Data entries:
• • • • •

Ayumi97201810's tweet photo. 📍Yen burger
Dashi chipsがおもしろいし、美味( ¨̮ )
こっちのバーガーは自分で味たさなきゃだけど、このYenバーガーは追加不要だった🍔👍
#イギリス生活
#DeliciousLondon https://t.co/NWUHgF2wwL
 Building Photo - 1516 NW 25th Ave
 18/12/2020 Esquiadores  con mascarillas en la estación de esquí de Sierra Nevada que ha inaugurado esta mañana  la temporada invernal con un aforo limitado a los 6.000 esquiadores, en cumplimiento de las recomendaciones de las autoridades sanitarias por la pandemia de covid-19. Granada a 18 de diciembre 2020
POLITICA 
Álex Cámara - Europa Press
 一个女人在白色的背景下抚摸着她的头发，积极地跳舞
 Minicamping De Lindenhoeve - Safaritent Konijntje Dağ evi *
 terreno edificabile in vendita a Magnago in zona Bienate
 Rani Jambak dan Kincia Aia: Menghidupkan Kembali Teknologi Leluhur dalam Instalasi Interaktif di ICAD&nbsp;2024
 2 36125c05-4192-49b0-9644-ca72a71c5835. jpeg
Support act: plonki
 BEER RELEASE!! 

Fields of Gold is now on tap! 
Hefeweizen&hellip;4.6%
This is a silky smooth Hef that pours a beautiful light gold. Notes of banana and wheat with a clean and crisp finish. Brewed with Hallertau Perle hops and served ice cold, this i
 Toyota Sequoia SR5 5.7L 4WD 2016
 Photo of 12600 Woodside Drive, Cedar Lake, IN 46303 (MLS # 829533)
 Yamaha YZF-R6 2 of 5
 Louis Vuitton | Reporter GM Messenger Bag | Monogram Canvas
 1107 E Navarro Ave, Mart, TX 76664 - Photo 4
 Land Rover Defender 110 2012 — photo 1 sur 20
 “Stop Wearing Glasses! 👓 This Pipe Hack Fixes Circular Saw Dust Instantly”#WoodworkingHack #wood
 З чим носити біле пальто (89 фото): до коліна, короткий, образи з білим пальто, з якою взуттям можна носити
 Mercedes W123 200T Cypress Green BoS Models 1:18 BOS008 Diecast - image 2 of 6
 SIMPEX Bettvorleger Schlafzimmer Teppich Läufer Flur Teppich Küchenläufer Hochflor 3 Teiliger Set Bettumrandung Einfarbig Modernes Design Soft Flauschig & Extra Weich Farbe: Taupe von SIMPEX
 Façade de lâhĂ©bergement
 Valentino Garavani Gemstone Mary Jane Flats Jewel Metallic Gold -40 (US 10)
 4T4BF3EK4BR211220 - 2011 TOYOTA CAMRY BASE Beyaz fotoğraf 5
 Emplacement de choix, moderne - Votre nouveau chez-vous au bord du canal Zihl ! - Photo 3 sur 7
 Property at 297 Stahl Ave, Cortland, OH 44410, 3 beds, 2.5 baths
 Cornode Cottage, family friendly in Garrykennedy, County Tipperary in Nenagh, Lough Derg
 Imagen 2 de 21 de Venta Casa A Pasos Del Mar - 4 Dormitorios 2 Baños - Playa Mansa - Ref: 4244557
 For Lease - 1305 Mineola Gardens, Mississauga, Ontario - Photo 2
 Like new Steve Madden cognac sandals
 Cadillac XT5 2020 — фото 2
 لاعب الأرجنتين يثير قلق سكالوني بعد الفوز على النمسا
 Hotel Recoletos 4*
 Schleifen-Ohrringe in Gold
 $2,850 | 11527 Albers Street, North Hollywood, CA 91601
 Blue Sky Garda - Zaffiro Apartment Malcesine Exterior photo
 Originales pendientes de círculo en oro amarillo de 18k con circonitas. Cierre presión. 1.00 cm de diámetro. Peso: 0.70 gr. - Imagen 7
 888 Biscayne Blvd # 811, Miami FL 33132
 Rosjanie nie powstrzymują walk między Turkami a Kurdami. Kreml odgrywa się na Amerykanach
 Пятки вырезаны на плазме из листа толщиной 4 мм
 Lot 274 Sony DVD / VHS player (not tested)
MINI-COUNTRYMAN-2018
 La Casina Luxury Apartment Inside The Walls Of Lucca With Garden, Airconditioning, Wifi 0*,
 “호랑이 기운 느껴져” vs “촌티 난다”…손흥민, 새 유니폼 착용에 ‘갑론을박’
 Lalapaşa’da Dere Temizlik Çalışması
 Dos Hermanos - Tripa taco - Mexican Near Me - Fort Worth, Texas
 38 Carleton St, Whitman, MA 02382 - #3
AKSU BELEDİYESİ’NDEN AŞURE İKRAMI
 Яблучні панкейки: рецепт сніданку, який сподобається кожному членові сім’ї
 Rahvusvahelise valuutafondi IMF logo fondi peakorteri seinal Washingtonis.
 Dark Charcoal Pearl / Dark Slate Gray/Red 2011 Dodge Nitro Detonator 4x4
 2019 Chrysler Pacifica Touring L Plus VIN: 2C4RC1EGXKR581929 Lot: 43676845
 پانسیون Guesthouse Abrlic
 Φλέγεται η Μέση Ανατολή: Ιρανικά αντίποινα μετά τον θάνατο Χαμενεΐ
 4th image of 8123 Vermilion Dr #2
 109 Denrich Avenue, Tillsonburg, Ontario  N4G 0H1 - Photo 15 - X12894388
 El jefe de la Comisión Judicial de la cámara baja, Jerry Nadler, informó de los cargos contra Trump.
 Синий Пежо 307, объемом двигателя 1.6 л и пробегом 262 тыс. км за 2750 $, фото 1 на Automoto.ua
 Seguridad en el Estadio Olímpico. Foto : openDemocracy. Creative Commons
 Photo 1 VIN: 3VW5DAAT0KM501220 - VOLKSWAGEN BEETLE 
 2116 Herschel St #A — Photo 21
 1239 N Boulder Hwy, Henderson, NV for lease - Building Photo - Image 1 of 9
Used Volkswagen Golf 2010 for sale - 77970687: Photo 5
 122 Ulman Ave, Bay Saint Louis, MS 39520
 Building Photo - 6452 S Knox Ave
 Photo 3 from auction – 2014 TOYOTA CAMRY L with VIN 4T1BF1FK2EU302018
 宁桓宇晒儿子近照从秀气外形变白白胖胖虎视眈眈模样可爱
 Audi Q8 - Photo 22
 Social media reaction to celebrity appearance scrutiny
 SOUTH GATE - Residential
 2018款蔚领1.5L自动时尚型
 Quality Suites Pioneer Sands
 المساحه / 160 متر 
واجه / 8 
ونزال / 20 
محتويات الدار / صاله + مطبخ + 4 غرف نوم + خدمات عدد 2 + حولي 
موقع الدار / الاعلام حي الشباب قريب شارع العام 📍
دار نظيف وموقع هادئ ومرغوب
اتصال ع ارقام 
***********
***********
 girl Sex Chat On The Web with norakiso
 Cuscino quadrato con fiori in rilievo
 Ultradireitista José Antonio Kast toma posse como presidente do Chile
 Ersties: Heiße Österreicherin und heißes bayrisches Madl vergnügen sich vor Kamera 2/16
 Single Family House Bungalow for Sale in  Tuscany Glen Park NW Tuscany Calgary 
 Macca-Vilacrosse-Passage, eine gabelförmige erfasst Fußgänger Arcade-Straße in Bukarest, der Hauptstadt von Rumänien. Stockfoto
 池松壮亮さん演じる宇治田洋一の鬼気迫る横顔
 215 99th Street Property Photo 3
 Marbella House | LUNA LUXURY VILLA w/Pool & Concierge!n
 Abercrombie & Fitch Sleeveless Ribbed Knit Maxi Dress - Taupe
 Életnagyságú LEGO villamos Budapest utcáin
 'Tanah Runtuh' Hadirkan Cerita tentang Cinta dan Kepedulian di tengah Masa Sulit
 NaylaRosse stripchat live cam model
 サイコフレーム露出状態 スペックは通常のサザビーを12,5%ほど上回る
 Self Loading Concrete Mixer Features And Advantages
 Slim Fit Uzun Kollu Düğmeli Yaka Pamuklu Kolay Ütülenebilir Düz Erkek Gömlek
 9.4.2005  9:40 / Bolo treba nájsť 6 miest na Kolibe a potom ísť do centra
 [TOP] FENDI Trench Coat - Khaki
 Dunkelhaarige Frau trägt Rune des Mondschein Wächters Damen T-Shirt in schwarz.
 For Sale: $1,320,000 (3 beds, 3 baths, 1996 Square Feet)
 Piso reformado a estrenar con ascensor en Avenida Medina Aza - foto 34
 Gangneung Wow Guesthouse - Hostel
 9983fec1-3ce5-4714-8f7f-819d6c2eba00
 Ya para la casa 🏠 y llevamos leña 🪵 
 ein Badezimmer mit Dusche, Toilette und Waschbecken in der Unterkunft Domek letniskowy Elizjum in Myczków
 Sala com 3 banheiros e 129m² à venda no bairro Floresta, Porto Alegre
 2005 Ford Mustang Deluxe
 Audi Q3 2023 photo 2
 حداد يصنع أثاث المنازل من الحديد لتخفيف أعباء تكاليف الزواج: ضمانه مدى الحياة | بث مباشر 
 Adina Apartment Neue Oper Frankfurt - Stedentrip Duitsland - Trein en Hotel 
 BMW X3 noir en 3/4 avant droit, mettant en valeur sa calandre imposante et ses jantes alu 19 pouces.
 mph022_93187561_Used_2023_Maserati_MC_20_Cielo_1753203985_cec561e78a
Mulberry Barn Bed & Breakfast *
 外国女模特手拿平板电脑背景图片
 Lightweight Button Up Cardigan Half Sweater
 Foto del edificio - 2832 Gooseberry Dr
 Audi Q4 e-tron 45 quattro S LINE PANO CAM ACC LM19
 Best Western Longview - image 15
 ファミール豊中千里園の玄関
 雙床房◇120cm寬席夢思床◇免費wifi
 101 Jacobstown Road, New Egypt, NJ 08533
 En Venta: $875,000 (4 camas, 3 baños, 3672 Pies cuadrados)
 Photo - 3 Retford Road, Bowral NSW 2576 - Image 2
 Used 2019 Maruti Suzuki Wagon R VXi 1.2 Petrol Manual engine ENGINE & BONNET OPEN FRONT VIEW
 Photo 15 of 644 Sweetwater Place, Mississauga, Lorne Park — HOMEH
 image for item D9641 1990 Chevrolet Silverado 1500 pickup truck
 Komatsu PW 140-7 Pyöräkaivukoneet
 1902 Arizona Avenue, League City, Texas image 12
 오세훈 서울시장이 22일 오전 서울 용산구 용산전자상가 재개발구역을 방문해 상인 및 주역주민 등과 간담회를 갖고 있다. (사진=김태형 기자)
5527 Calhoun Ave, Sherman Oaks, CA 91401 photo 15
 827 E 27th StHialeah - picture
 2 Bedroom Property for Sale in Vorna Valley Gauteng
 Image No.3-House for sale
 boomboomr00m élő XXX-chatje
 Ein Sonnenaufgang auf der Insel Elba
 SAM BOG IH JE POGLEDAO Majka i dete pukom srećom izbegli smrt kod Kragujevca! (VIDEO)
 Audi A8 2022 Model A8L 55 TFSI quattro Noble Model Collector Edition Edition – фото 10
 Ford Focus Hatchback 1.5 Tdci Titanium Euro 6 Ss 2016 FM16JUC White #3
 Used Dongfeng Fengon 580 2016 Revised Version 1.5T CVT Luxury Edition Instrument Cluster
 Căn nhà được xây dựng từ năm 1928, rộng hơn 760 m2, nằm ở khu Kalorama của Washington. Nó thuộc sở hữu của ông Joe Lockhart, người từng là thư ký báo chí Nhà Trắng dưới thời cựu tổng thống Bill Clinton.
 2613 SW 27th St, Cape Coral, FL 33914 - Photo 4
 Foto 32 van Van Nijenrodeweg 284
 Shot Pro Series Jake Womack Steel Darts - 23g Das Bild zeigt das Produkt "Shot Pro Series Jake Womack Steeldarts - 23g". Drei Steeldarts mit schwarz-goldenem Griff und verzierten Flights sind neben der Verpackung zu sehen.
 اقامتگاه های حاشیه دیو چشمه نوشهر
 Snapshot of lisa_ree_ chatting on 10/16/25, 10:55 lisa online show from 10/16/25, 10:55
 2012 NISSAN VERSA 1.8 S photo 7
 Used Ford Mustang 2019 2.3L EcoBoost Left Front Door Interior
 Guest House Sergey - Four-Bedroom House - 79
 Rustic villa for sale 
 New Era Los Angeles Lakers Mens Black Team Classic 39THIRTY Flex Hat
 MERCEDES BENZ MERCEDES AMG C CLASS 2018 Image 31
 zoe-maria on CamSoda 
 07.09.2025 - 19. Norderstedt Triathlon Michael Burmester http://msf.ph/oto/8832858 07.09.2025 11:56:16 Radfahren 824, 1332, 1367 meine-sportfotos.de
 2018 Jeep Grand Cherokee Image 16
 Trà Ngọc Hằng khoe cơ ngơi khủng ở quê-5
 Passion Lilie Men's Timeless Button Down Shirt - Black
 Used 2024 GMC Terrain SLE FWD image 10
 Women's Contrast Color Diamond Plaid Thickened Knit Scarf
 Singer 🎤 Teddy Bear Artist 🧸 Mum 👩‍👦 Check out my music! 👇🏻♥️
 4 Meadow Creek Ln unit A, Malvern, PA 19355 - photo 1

• • • • •

About this task – Reproduce precisely, and with no line left out, each line from the top of the entries through the line that carries "一个女人在白色的背景下抚摸着她的头发，积极地跳舞".

Solution –
Ayumi97201810's tweet photo. 📍Yen burger
Dashi chipsがおもしろいし、美味( ¨̮ )
こっちのバーガーは自分で味たさなきゃだけど、このYenバーガーは追加不要だった🍔👍
#イギリス生活
#DeliciousLondon https://t.co/NWUHgF2wwL
 Building Photo - 1516 NW 25th Ave
 18/12/2020 Esquiadores  con mascarillas en la estación de esquí de Sierra Nevada que ha inaugurado esta mañana  la temporada invernal con un aforo limitado a los 6.000 esquiadores, en cumplimiento de las recomendaciones de las autoridades sanitarias por la pandemia de covid-19. Granada a 18 de diciembre 2020
POLITICA 
Álex Cámara - Europa Press
 一个女人在白色的背景下抚摸着她的头发，积极地跳舞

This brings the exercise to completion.